Task requirements> Only the lines below from the one that holds "Termoform makinede pişmiş somon paketleme" through the one that holds "Bulk Party Foil" should appear in the answer, copied exactly, end lines included and pictures omitted.

Information provided>
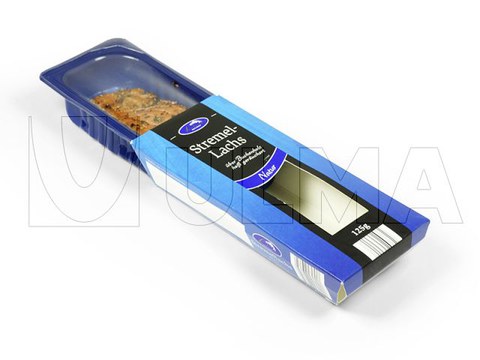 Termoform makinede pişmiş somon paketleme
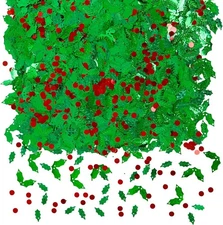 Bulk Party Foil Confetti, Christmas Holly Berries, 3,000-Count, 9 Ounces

--

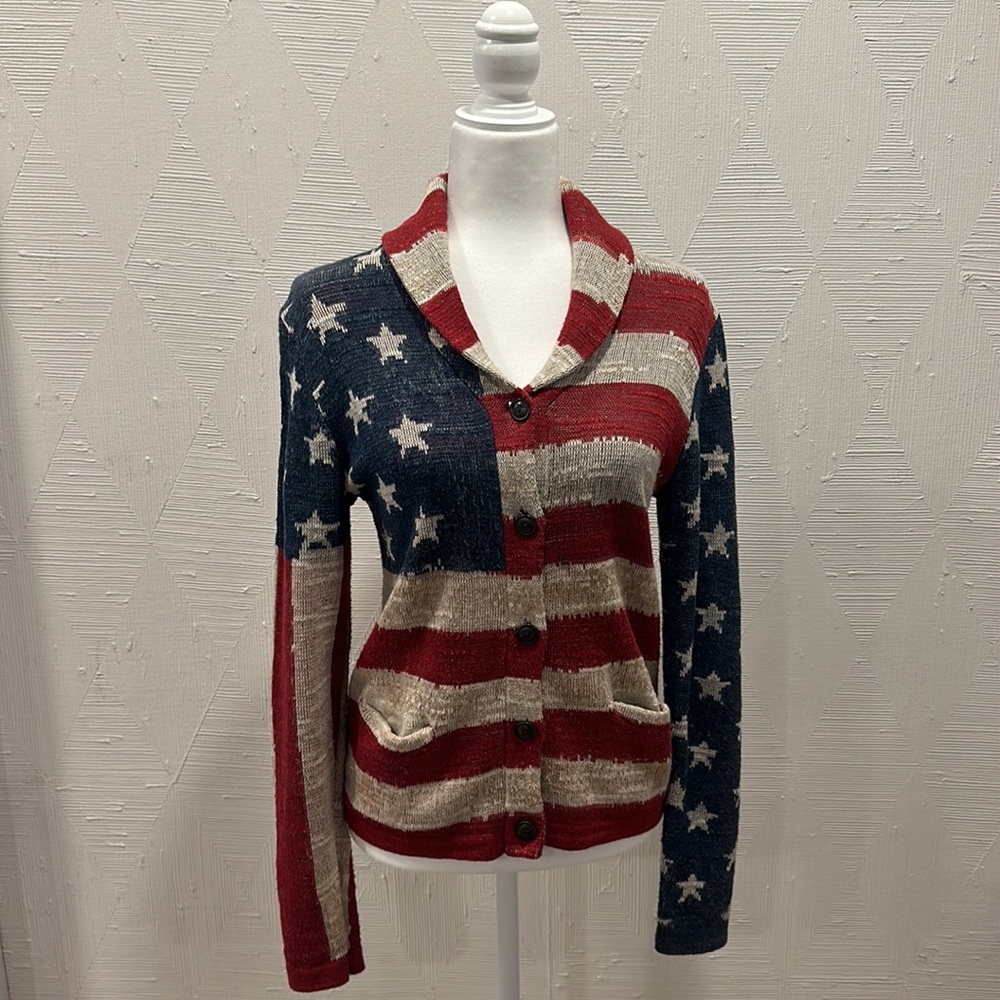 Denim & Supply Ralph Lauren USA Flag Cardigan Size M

* * *

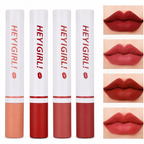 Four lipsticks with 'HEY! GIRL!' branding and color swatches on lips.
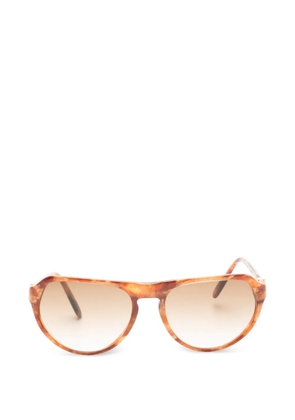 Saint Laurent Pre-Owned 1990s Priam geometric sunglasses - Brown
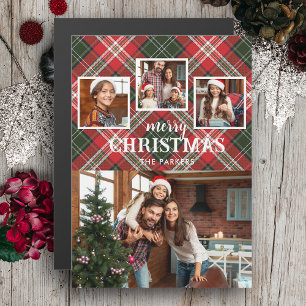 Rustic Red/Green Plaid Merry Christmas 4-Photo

Answer>
 Termoform makinede pişmiş somon paketleme
 Bulk Party Foil Confetti, Christmas Holly Berries, 3,000-Count, 9 Ounces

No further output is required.